The paper tackles the problem of delivering high‑fidelity 3D talking‑face video in real‑time conferencing while keeping the transmission bitrate extremely low. Traditional 2‑D codecs (HEVC, AV1) only compress pixel streams and cannot represent 3‑D geometry, whereas implicit neural representations such as NeRF provide excellent visual quality but are far too computationally heavy for live use. The authors propose a hybrid framework that combines a parametric 3‑D morphable model (FLAME) with the efficient rendering technique of 3‑D Gaussian Splatting (3DGS).
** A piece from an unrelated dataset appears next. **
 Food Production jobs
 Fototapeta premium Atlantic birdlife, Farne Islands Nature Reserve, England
In the encoding stage, a lightweight network extracts FLAME expression (ψ) and pose (θ) parameters from each input frame. These parameters are quantized and entropy‑coded using zero‑order Exponential‑Golomb coding, drastically reducing the amount of data that must be sent per frame. Because FLAME expression vectors are derived from a PCA basis, most facial variation can be captured with as few as 10–20 dimensions, meaning that expression data accounts for roughly 82 % of the transmitted bits but can be heavily compressed without noticeable quality loss.
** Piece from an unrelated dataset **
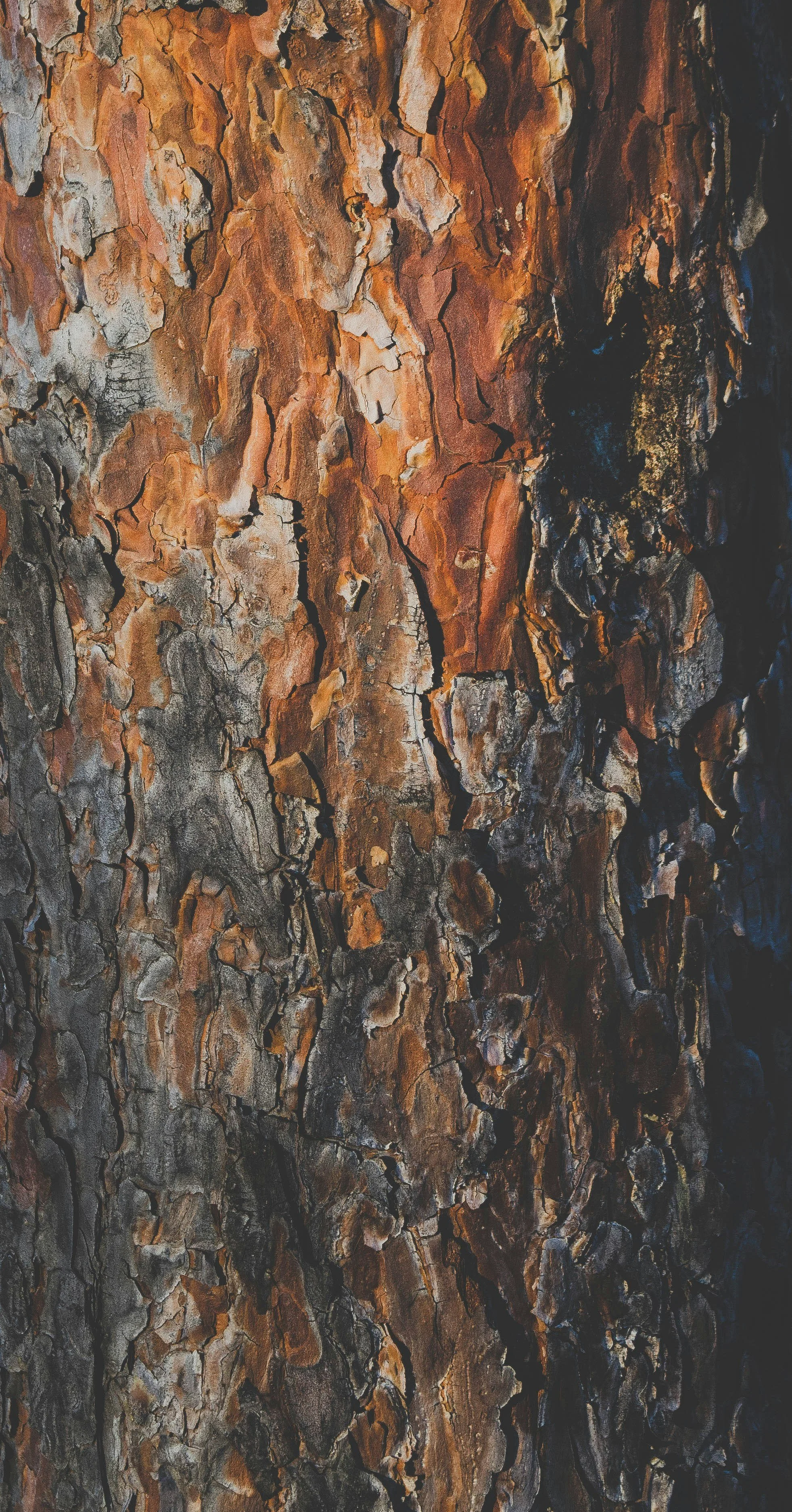 hardwood tree bark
The decoder receives a pre‑distributed personalized face model. This model consists of a fixed set of anisotropic Gaussians placed on the FLAME mesh via UV sampling. Each Gaussian is defined by position µ, base color h_base, higher‑order spherical‑harmonic coefficients h_rest, scale s, rotation r, and opacity o. Position µ is regenerated on‑the‑fly from the FLAME mesh and an MLP that predicts offsets based on the current expression vector, so µ itself does not need to be transmitted. The remaining attributes are compressed: low‑precision attributes (h_rest, r, o) are encoded as low‑dimensional latent vectors decoded by tiny neural decoders, while high‑precision attributes (h_base, s) are directly quantized and entropy‑coded. All components, together with the MLP weights, are further reduced with LZ77 lossless compression, shrinking the model from 4.3 MB to 0.59 MB (≈ 7× reduction).
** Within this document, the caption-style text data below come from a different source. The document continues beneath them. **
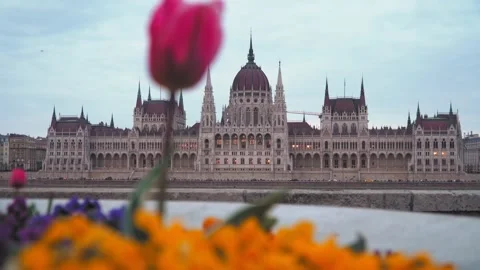 Rack Focus from Pink Flower to Hungarian Parliament Building, Budapest Vídeo Stock 335937224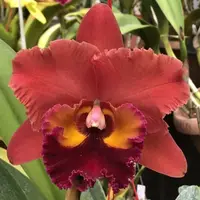 Rlc Chaweewan Sunset near size cattleya orchid. Large fragrant beautiful blooms.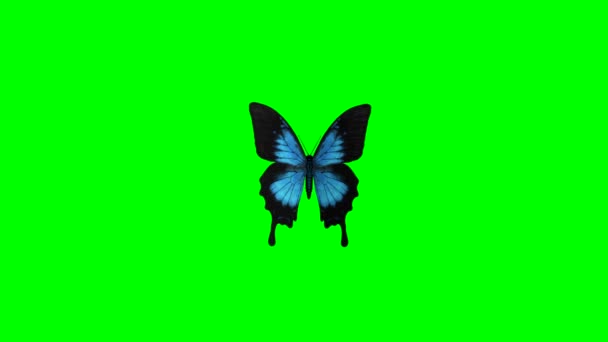 Fluttering Ulysses Butterfly Motion Graphics Green Screen Background — Stock videók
The MLP that predicts Gaussian offsets is also lightweight: weight pruning, layer reduction, FP16 quantization, and LZ77 compression bring its size down to a few hundred kilobytes. At runtime, the decoder reconstructs the Gaussian attributes, applies the MLP offsets, and renders the face using the 3DGS volume‑rendering pipeline. The system achieves over 170 fps on an RTX 4090, enabling multiple simultaneous users in a conference.

Experiments were conducted on 512 × 512 videos (≈ 2,500 frames each) from public datasets and a self‑collected set. The proposed method was compared against x265 in low‑delay preset (LDP) and a NeRF‑based 3‑D talking‑face compression approach. Metrics (PSNR, SSIM, LPIPS) show that at bitrates below 40 kbps the proposed system consistently outperforms x265 and the NeRF baseline, preserving fine details such as teeth and eyelids that the baselines either blur or block. Qualitative results confirm smoother, artifact‑free renderings. An ablation study demonstrates that each compression step (latent representation, MLP pruning, quantization/entropy coding, LZ77) contributes to size reduction while incurring less than 0.15 dB PSNR loss.

In summary, the paper delivers a practical solution for low‑bitrate, high‑quality 3‑D talking‑face transmission by (1) sending only compact FLAME metadata, (2) using a fixed Gaussian head model that can be reconstructed on the fly, (3) applying multi‑stage attribute compression, and (4) aggressively slimming the offset MLP. The resulting system meets the stringent latency and bandwidth constraints of real‑time video conferencing, and the authors outline future work on multi‑user scalability and robustness to network impairments.